By the 19th century, European archaeologists such as William Loftus, Jane and Marcel Dieulafoy, and Jacques de Morgan excavated the site extensively. Their discoveries — tablets, sculptures, jewellery, and palace foundations — revealed a continuous human presence stretching back nearly 9,000 years.

Among the most significant finds were the Darius Inscription, the Code of Hammurabi (recovered from Susa), and the architectural remnants of the Apadana Palace — all confirming Susa’s status as one of the great cradles of civilisation.

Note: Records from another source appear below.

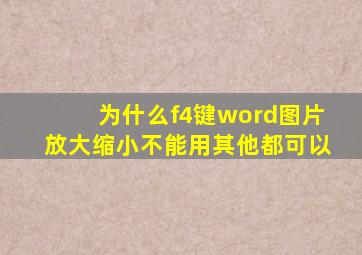 为什么f4键word图片放大缩小不能用其他都可以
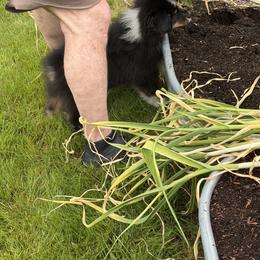 Australian Shepherd Puppies from SolarStorm Australian Shepherds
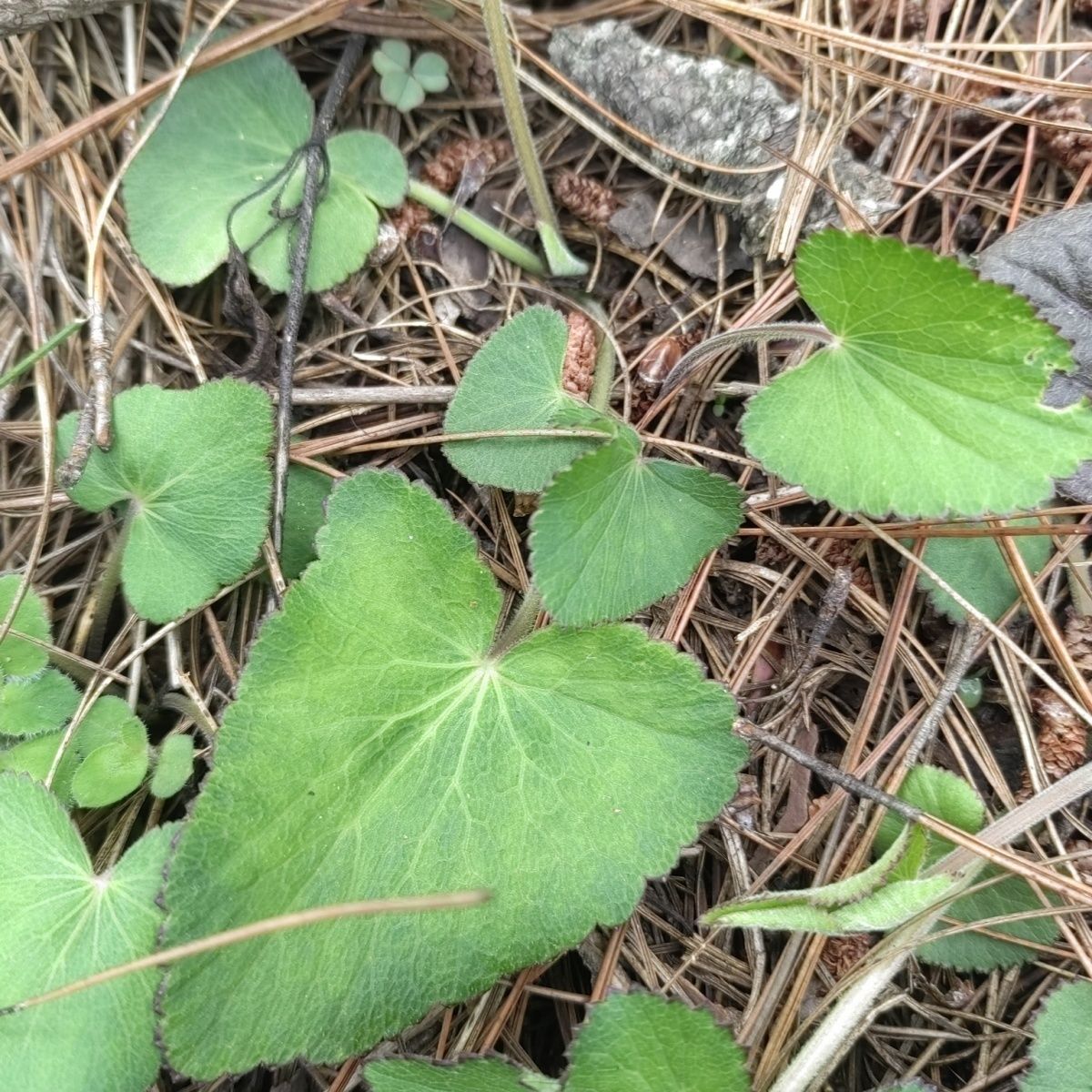 云南天然山当归青草异叶茴芹鹅脚板杏叶防风羊膳七百路羊古草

A historical depiction of Benjamin of Tudela, the 12th-century traveller who recognized the ruins of ancient Susa.

9. The Eternal City

Today, modern Shush is a modest town, its skyline marked by mounds of ancient brick. Yet beneath those mounds lies a city that once ruled empires, hosted kings, and fostered philosophies.

From Elam’s sacred ziggurats to Darius’s marble halls, from Seleucid merchants to Sasanian silk-weavers, Susa’s legacy endures as a mirror of human civilisation — resilient, adaptive, and timeless.

Its ruins whisper not only of power and loss but of continuity, reminding us that the essence of empire lies not in conquest, but in the endurance of culture.

In every fragment unearthed from Shush, the spirit of an empire breathes again — the Eternal City of Kings, where the rivers of history still flow.

Footnotes

  1. Potts, D. T. (2016). _The Archaeology of Elam: Formation and Transformation of an Ancient Iranian State._Cambridge University Press.
  2. Herodotus, Histories, Book I, trans. A. D. Godley, Loeb Classical Library.
  3. Stronach, D. (1989). “The Royal Road System of the Achaemenids.” Iranica Antiqua 24.
  4. Curtis, J. (2010). Ancient Persia. British Museum Press.
  5. De Morgan, J. (1905). Mission scientifique en Perse. Paris.
  6. Tabari, History of the Prophets and Kings (translated by Franz Rosenthal, SUNY Press, 1989).